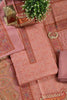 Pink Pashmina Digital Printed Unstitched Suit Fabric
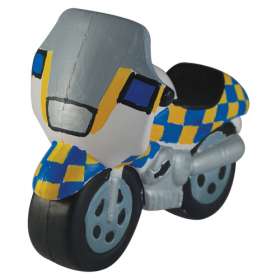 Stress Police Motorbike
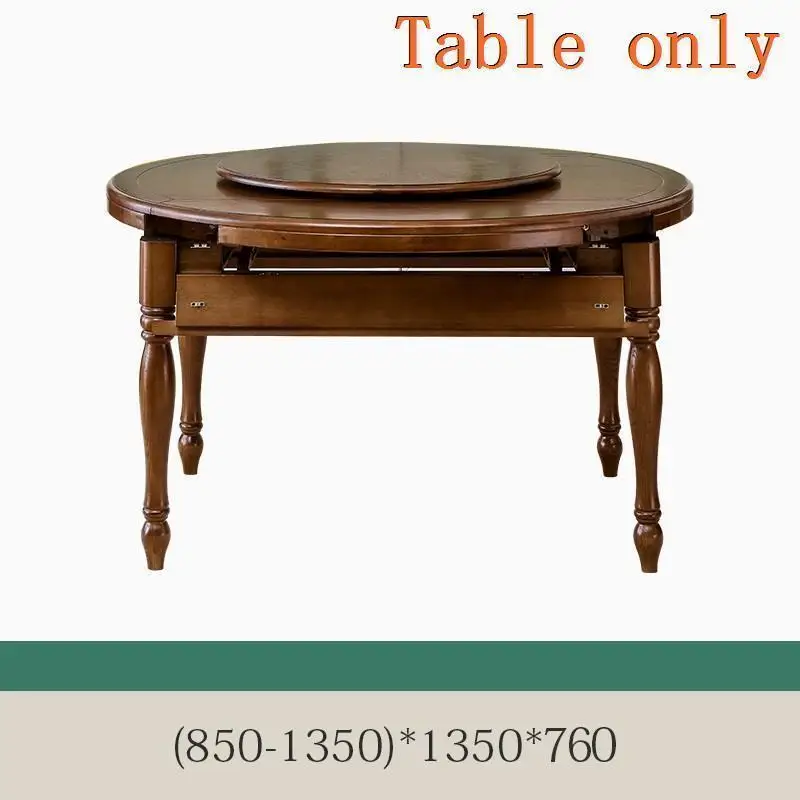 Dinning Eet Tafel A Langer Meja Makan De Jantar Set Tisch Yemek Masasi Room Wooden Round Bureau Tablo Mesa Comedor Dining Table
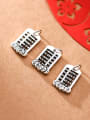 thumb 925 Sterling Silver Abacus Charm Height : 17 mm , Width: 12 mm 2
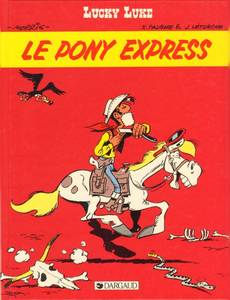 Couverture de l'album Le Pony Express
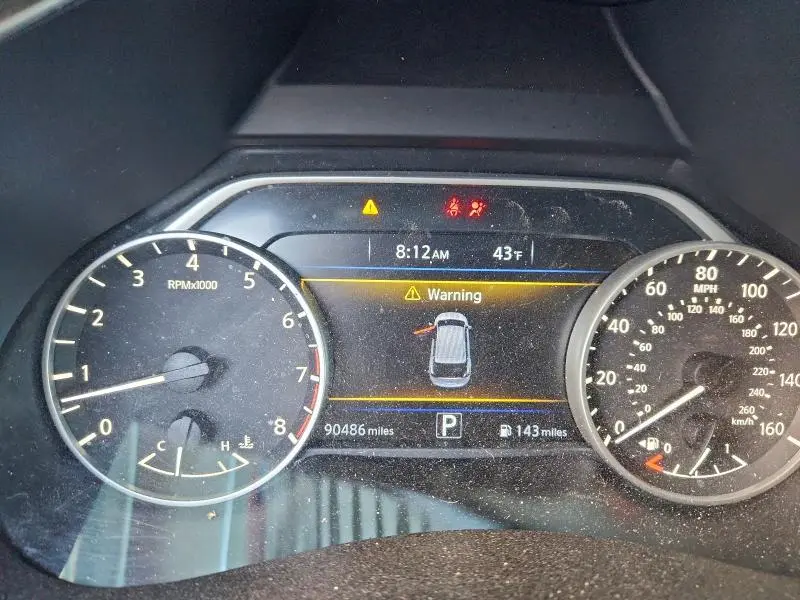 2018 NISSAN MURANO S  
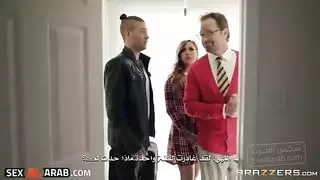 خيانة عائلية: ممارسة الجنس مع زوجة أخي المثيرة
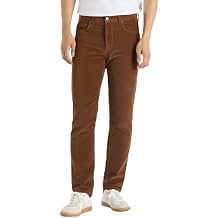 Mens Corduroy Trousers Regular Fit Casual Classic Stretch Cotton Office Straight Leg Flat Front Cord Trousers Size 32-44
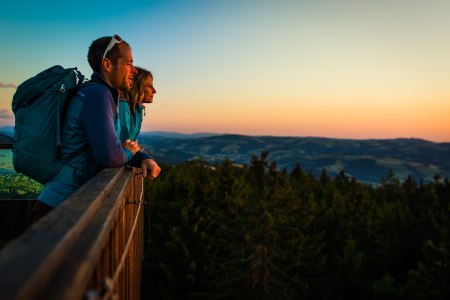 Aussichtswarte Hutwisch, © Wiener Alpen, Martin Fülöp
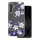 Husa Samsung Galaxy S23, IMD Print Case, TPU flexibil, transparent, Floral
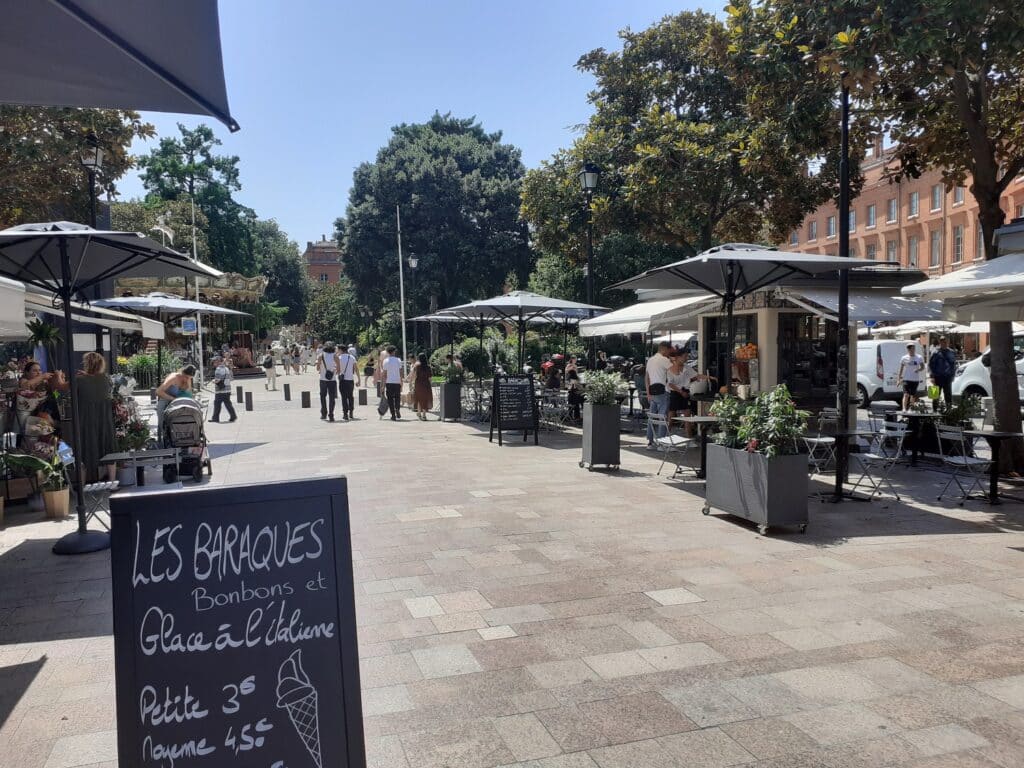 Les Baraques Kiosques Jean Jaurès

-- WORK INSTRUCTION --
Exactly as they stand, the entries must be written out again, pictures excluded.

-- COMPLETED EXERCISE --
 Pink Pashmina Digital Printed Unstitched Suit Fabric
 Stress Police Motorbike
 Dinning Eet Tafel A Langer Meja Makan De Jantar Set Tisch Yemek Masasi Room Wooden Round Bureau Tablo Mesa Comedor Dining Table
 thumb 925 Sterling Silver Abacus Charm Height : 17 mm , Width: 12 mm 2
 Couverture de l'album Le Pony Express
 2018 NISSAN MURANO S  
 خيانة عائلية: ممارسة الجنس مع زوجة أخي المثيرة
 Mens Corduroy Trousers Regular Fit Casual Classic Stretch Cotton Office Straight Leg Flat Front Cord Trousers Size 32-44
 Aussichtswarte Hutwisch, © Wiener Alpen, Martin Fülöp
 Husa Samsung Galaxy S23, IMD Print Case, TPU flexibil, transparent, Floral
 Les Baraques Kiosques Jean Jaurès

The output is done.